How to complete this task:
Please return the listing below word for word, minus its pictures.

Source data:
---

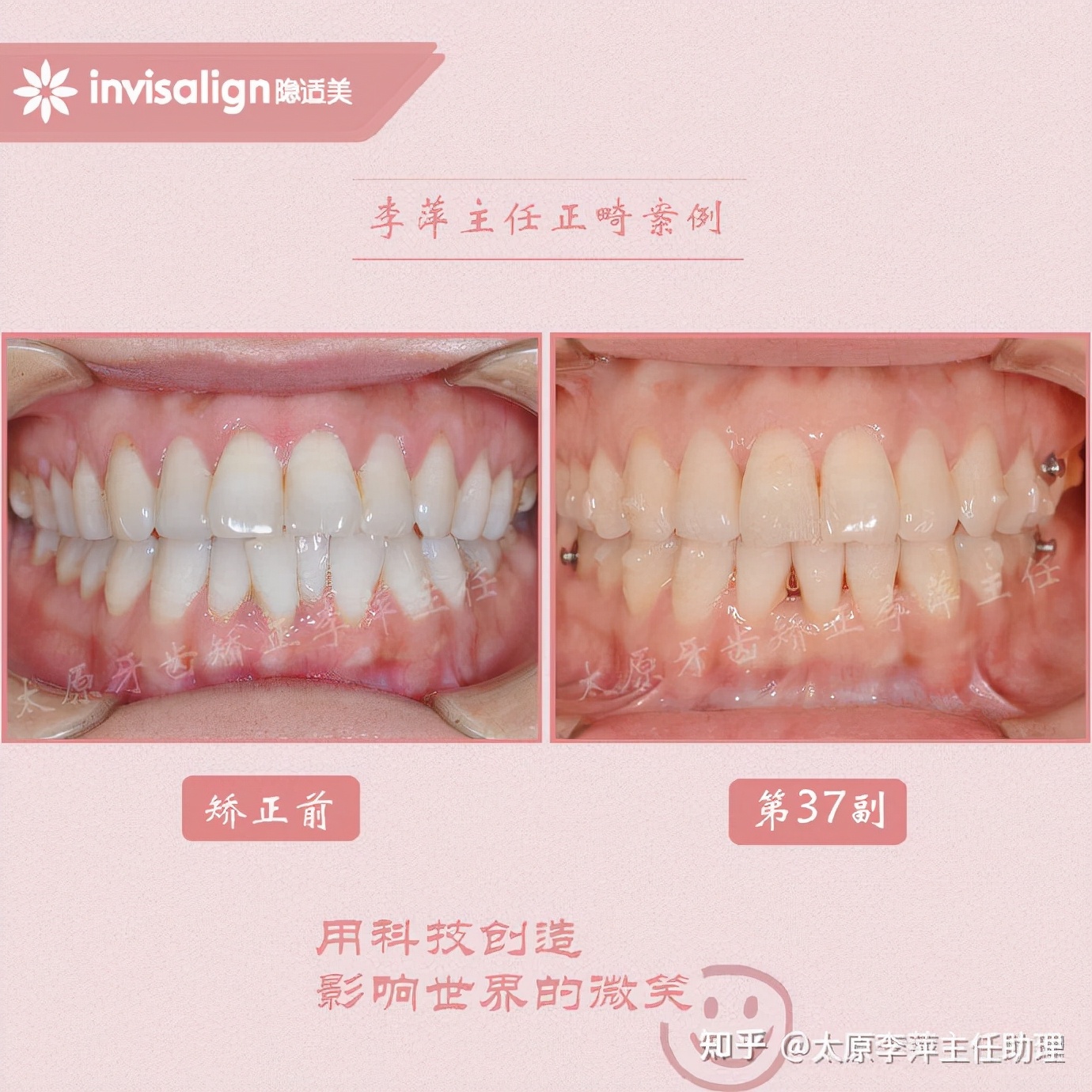 太原牙齿矫正：隐形牙套效果好不好？看这些病例你就知道了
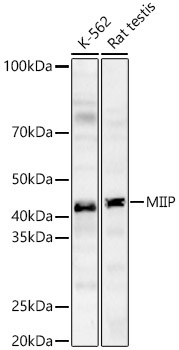 MIIP Rabbit Polyclonal Antibody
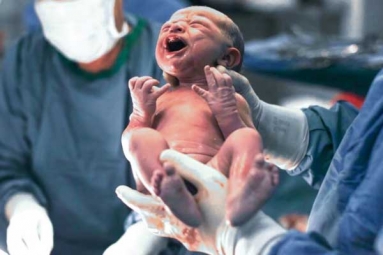 C-Section Deliveries Nearly Doubled Worldwide Since 2000: Study C-Section Deliveries Nearly Doubled Worldwide Since 2000: Study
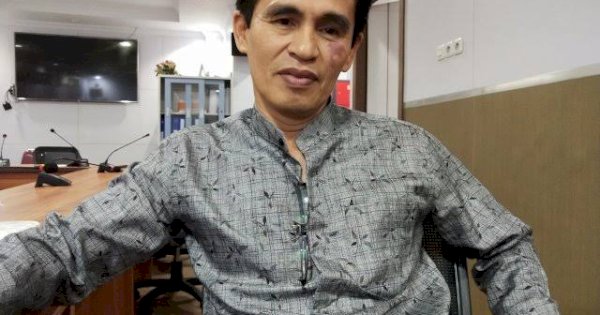 Rehabilitasi Gedung RSUD Daya, Hamzah Hamid Minta Pemkot Perhatikan Nakes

---

Task solution:
 太原牙齿矫正：隐形牙套效果好不好？看这些病例你就知道了
 MIIP Rabbit Polyclonal Antibody
 C-Section Deliveries Nearly Doubled Worldwide Since 2000: Study C-Section Deliveries Nearly Doubled Worldwide Since 2000: Study
 Rehabilitasi Gedung RSUD Daya, Hamzah Hamid Minta Pemkot Perhatikan Nakes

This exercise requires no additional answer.